Exercise instructions
Transcribe the listing below only from the line with "kod QR z danymi kontaktowymi 02123814200000" up to and including the line with "Physical Fitness PNG, Clipart, Balance, Balance".

-------

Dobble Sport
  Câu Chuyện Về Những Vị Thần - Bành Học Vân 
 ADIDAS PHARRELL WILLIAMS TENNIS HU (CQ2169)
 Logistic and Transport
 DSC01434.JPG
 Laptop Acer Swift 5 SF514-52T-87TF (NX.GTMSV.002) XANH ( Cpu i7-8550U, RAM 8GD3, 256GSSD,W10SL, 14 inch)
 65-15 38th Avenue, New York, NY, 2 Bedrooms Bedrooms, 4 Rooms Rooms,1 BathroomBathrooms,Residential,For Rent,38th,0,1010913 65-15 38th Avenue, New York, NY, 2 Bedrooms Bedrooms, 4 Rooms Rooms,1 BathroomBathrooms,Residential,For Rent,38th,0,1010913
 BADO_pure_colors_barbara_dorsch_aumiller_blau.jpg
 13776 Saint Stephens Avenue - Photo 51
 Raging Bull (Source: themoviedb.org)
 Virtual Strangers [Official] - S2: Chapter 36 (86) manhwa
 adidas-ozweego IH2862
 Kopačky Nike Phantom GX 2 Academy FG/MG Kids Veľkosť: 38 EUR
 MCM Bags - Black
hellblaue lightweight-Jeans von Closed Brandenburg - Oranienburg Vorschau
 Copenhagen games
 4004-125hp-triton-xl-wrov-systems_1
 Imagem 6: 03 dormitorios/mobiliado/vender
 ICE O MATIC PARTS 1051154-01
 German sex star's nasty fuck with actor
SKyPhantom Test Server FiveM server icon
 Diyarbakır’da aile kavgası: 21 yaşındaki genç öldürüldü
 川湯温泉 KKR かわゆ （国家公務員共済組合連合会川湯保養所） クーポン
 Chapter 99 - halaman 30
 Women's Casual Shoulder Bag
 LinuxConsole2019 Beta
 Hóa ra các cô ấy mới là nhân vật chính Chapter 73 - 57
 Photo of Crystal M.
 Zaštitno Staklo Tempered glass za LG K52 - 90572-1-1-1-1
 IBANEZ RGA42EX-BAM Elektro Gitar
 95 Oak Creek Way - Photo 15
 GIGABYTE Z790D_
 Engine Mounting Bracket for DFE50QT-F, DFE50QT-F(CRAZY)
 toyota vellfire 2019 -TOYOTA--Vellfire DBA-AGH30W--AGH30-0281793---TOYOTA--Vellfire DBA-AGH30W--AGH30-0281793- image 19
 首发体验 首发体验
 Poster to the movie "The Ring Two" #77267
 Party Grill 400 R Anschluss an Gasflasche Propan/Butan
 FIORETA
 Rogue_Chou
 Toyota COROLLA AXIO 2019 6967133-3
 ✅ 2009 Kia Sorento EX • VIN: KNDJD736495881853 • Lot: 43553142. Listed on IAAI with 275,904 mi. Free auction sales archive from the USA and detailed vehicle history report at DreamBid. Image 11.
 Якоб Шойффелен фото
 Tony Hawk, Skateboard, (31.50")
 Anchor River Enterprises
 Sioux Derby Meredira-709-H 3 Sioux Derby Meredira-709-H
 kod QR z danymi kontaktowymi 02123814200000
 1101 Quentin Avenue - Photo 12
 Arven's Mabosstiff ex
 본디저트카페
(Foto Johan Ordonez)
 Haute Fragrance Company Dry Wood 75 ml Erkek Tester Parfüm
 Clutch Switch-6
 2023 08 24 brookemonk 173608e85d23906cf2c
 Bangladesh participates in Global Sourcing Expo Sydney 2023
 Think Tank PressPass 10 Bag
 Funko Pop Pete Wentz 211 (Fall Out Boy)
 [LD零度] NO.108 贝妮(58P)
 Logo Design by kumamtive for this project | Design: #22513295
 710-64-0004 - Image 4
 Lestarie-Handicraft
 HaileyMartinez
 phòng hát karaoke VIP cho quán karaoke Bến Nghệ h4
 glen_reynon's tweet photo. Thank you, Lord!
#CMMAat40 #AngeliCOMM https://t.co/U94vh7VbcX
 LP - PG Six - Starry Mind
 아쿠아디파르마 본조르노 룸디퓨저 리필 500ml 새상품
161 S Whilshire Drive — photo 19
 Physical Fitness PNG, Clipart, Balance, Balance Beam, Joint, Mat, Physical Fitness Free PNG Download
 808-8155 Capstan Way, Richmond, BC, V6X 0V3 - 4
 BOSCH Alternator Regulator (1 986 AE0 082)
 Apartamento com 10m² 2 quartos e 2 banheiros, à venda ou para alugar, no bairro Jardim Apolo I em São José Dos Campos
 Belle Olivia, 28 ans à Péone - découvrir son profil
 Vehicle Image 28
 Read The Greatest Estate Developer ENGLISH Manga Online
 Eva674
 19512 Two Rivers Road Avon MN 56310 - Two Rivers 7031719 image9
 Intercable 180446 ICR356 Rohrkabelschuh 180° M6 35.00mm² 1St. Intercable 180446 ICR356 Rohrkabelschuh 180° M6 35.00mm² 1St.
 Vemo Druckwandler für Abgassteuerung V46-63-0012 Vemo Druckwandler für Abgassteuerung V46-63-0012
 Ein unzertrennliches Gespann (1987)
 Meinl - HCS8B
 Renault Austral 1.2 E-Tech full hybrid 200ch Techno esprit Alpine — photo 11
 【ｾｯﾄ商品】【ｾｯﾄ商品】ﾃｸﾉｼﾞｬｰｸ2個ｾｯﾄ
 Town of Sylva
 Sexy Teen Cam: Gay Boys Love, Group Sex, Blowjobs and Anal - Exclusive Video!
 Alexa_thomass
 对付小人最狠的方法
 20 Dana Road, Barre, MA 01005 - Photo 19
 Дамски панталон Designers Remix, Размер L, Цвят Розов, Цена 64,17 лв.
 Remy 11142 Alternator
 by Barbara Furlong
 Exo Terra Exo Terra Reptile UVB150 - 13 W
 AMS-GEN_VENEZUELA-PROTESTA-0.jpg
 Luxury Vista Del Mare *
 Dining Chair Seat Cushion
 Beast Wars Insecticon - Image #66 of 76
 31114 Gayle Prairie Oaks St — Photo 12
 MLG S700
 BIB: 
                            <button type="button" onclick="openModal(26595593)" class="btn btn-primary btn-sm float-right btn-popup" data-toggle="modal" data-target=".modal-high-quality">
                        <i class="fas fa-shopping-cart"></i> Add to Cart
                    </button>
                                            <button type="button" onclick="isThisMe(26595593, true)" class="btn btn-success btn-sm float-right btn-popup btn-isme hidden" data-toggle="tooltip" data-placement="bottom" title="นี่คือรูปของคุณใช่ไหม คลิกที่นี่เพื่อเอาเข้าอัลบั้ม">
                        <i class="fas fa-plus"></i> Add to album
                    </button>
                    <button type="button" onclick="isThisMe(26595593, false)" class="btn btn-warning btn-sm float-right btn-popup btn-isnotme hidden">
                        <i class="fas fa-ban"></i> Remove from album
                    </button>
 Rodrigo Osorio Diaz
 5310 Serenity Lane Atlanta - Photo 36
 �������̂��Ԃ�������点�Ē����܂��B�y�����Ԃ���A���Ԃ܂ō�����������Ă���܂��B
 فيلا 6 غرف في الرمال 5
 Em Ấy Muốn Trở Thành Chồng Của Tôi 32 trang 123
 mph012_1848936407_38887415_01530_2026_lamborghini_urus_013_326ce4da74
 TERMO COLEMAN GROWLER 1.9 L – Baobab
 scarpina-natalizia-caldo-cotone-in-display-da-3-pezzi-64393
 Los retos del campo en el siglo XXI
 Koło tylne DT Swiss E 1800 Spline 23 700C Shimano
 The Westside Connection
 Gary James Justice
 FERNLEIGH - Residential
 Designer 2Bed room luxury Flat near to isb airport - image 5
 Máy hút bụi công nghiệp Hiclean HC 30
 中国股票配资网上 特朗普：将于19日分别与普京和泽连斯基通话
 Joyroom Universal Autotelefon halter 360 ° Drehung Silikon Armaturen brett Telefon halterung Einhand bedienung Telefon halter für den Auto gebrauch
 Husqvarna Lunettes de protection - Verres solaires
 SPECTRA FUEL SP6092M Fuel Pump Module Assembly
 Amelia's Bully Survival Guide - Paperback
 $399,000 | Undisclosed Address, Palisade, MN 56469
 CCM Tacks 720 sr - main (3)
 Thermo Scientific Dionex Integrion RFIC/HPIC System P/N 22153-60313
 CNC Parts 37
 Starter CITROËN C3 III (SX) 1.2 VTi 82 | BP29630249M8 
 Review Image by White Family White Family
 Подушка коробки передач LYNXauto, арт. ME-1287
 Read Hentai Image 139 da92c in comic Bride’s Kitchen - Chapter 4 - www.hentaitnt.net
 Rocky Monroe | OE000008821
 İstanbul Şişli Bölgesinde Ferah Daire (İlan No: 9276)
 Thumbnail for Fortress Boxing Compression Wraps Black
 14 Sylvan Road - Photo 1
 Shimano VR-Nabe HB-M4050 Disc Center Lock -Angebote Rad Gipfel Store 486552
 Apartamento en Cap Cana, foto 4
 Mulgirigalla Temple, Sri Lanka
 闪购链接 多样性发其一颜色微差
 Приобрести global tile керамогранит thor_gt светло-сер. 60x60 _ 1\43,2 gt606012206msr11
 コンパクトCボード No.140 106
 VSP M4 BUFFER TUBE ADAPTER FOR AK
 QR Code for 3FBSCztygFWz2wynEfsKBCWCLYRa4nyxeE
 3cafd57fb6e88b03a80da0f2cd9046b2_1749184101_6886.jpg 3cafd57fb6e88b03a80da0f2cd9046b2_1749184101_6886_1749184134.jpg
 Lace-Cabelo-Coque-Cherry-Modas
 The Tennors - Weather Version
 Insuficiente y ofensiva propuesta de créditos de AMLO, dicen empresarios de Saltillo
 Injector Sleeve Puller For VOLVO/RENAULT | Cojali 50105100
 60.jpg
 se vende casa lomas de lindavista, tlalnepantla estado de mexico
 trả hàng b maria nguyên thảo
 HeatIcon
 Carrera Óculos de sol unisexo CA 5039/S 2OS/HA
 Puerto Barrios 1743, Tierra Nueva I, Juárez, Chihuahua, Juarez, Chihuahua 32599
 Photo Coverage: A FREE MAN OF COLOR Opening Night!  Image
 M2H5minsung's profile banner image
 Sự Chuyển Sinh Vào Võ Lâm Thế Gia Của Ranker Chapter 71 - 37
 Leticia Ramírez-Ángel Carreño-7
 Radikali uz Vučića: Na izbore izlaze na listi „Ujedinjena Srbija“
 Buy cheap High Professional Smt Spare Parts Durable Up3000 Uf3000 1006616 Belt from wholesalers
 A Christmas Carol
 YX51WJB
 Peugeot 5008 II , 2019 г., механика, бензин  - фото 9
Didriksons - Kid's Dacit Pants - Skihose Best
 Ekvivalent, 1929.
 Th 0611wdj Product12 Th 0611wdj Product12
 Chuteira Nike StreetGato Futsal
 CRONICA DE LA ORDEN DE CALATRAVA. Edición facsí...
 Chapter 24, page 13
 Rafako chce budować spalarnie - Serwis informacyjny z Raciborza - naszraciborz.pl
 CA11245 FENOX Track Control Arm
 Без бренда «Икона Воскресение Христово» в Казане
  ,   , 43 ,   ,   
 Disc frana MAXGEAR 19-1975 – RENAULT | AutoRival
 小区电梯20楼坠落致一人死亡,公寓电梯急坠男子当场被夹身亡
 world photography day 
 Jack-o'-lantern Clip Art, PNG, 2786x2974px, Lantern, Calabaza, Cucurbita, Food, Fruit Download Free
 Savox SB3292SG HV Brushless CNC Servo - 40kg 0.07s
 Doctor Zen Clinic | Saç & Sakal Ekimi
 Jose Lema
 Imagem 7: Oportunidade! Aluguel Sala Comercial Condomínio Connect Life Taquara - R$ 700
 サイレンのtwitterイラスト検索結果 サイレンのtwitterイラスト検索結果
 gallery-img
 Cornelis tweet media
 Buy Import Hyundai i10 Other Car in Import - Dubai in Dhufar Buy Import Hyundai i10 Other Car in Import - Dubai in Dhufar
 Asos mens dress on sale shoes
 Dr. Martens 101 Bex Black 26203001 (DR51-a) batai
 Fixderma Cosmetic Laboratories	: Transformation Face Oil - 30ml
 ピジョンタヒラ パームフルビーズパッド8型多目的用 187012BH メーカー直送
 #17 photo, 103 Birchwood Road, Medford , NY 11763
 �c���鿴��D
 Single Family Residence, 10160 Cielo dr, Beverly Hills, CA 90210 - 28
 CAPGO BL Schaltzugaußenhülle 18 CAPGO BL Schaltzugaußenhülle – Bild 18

-------

Exercise answer
 kod QR z danymi kontaktowymi 02123814200000
 1101 Quentin Avenue - Photo 12
 Arven's Mabosstiff ex
 본디저트카페
(Foto Johan Ordonez)
 Haute Fragrance Company Dry Wood 75 ml Erkek Tester Parfüm
 Clutch Switch-6
 2023 08 24 brookemonk 173608e85d23906cf2c
 Bangladesh participates in Global Sourcing Expo Sydney 2023
 Think Tank PressPass 10 Bag
 Funko Pop Pete Wentz 211 (Fall Out Boy)
 [LD零度] NO.108 贝妮(58P)
 Logo Design by kumamtive for this project | Design: #22513295
 710-64-0004 - Image 4
 Lestarie-Handicraft
 HaileyMartinez
 phòng hát karaoke VIP cho quán karaoke Bến Nghệ h4
 glen_reynon's tweet photo. Thank you, Lord!
#CMMAat40 #AngeliCOMM https://t.co/U94vh7VbcX
 LP - PG Six - Starry Mind
 아쿠아디파르마 본조르노 룸디퓨저 리필 500ml 새상품
161 S Whilshire Drive — photo 19
 Physical Fitness PNG, Clipart, Balance, Balance Beam, Joint, Mat, Physical Fitness Free PNG Download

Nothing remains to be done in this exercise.